● Stored data

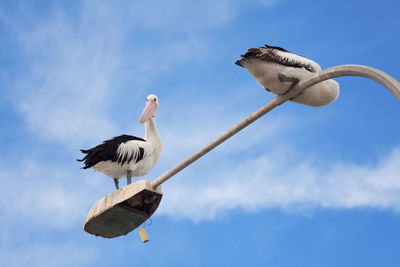 Low angle view of bird flying against sky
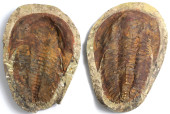 TRILOBITE POSITIVE/NEGATIVE FO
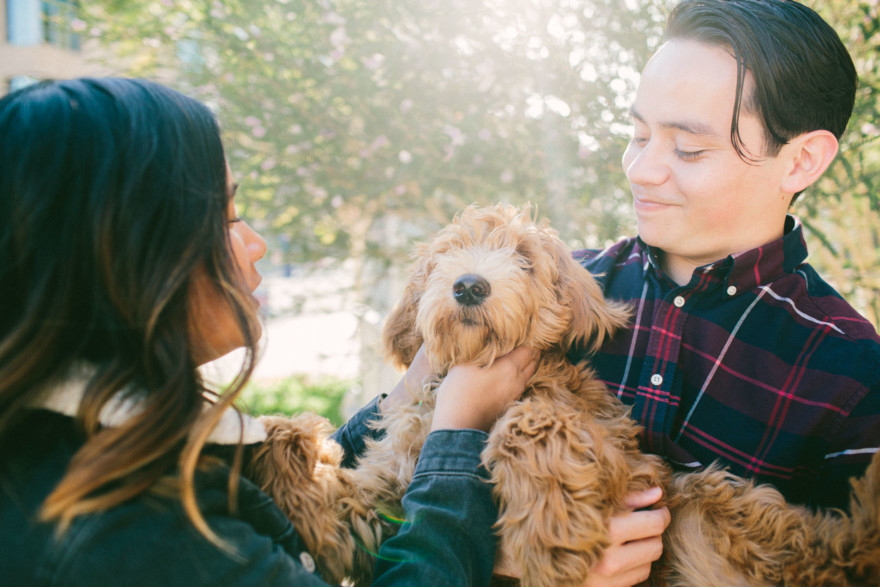 Urban Wandering + Golden Doodle – Photo by Let's Frolic Together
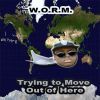 WORM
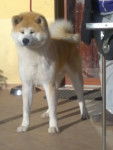 sky 4 anni - Akita Inu Mâle (4 ans)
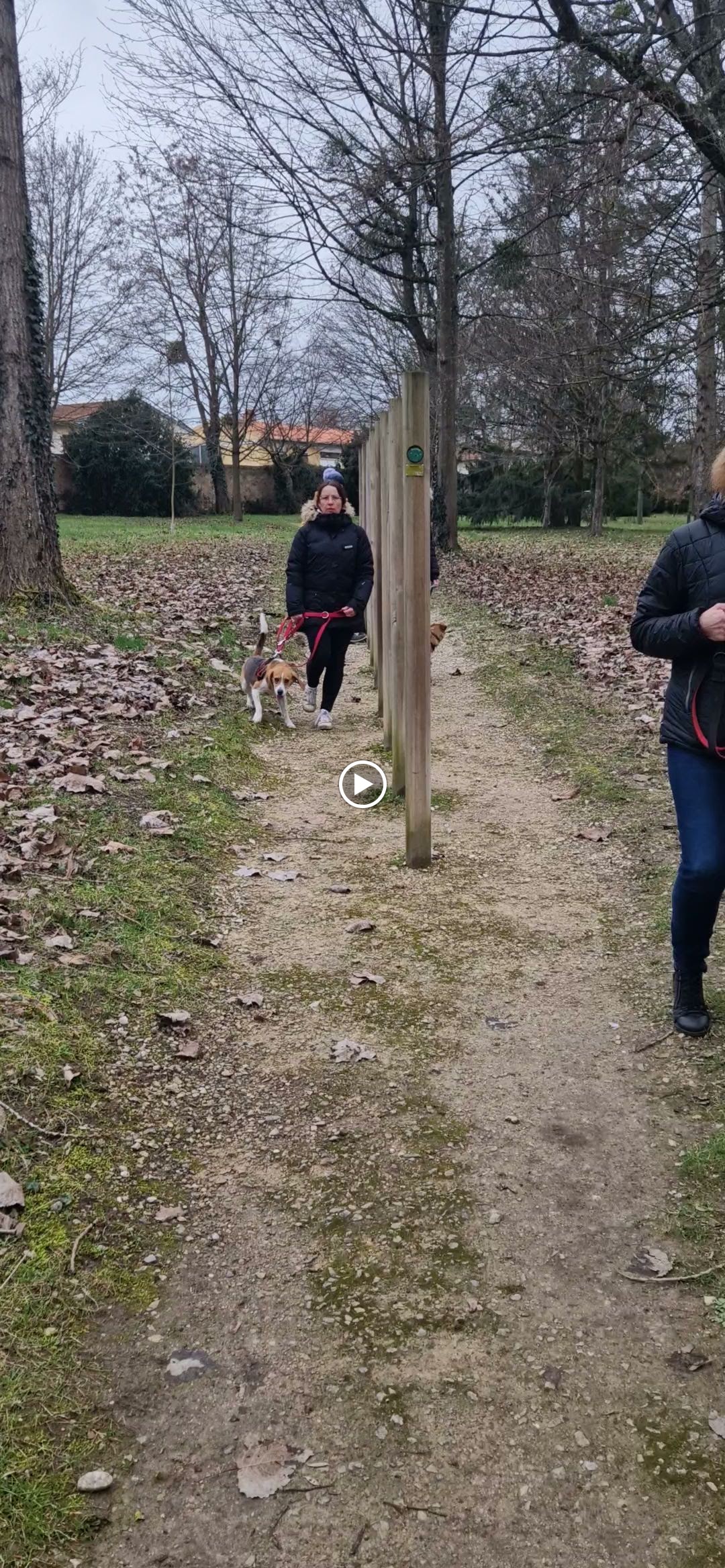 Photo n° 16 de l'avis de Joël.O fait le 20/02/2024 à 11:54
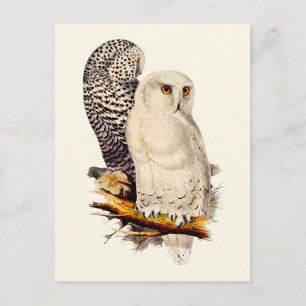 Snowy Owl tekening Briefkaart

● Your goal
Could you please repeat the entries above exactly, with every picture left out?

● Response
 Low angle view of bird flying against sky
 TRILOBITE POSITIVE/NEGATIVE FO
 Urban Wandering + Golden Doodle – Photo by Let's Frolic Together
 WORM
 sky 4 anni - Akita Inu Mâle (4 ans)
 Photo n° 16 de l'avis de Joël.O fait le 20/02/2024 à 11:54
 Snowy Owl tekening Briefkaart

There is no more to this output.